Alors, bien entendu, aligner des beaux noms ne fait pas tout. Les films, eux, doivent se montrer à la hauteur de l'événement sinon l'intérêt en sera amoindri. Mais lorsqu'on sait que l'on attendait la moitié d'entre eux à Cannes et qu'ils se retrouvent ailleurs, on se dit que quelque chose ne tourne pas forcément rond cette année - il faut aussi comprendre que certains films n'étaient pas prêts en mai.

Le cas Netflix pose toujours problème

Après l'expérience Okja, le Festival de Cannes a précisé sa position au sujet de Netflix. Le problème étant qu'un film présent à Cannes, en Compétition Officielle, doit absolument avoir le droit à une sortie dans les salles.
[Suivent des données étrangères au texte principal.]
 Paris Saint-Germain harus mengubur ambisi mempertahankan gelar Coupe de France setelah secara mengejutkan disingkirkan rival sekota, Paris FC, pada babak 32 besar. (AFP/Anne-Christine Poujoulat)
Critère qu'un film Netflix ne peut pas remplir. Vexé face à cette position, le géant américain n'était pas présent sur la Croisette et ce malgré des titres qui auraient pu prétendre venir. On pense au Roma d'Alfonso Cuarón avant tout. Ayant le champ totalement libre, Venise n'a pas réfléchi à deux fois avant de sélectionner 6 films estampillés Netflix ! Trois sont en compétitions (Roma, 22 july de Paul Greegrass et The Ballad of Buster Scruggs des frères Coen), On My Skin est dans la sélection Horizons et deux autres (The Other Side of the Wind et They'll Love Me When I'm Dead) sont hors-compétition.

Alberto Barbera, chef du festival, n'a pas manqué de souligner que Venise bénéficiait du différent entre Netflix et Cannes. Car en Italie, pas de chronologie des médias en vigueur. Il aurait eu tort de se priver.
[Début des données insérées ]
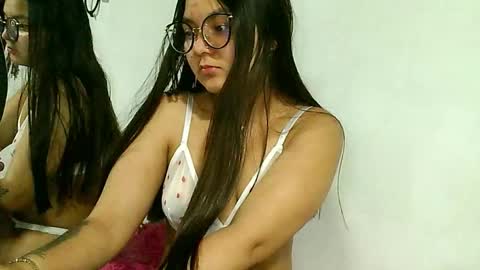 kitty_g3 online show from 12/02/25, 03:34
Je ne vois aucune raison d'exclure de la compétition du festival un film de Cuaron ou des frères Coen uniquement parce qu'il a été produit par Netflix.
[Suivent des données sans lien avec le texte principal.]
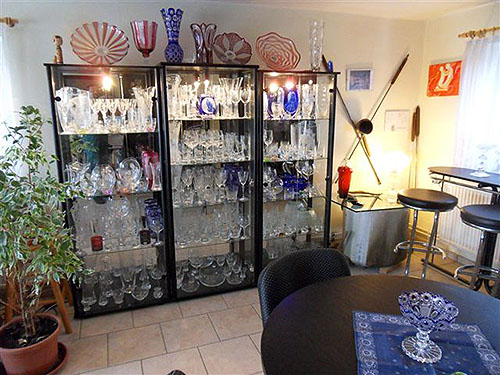 Kunsthandwerker Glas gravieren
Mais voilà, l'annonce a fait son effet et maintenant des voix dissonantes se font entendre. Les organisations professionnelles des exploitants de cinéma italiens, l'ANEC (Association Nationale des Exposants du Cinéma) et l'ANEM (Association Nationale des Exposants Multiplex), se sont montrées critiques envers cette pratique. La faute à la sortie simultanée d'un film dans leurs salles et sur la plateforme. Alberto Barbera s'est justifié en expliquant que son rôle était de monter une programmation, pas de s'occuper de la distribution.

Un marché italien en péril

La colère des professionnels concerne surtout On My Skin, un film italien prévu pour faire l'ouverture de la section Horizons et qui sortira dans les salles italiennes le 12 septembre, en même temps que sa mise en ligne sur Netflix. L'état actuel du box-office local force les distributeurs à essayer de défendre leurs intérêts. Et ils reprochent clairement à Venise de favoriser un acteur important au détriment de plus petites structures, dans un marché à l'équilibre précaire. Ils auraient préféré que le festival agisse avec un peu plus de diplomatie, en les défendant ou, au moins, en les conviant à discuter en amont de la situation. Ce qui n'a pas été fait. On peut les comprendre, aucun délai significatif ne sépare la sortie salle sur leur territoire et la mise en ligne sur Netflix. Cette concurrence risque de leur faire mal, sachant que les pirates ne se privent pas de mettre en ligne illégalement le contenu exclusif Netflix.

La direction du festival ne s'est pas encore exprimée sur le sujet.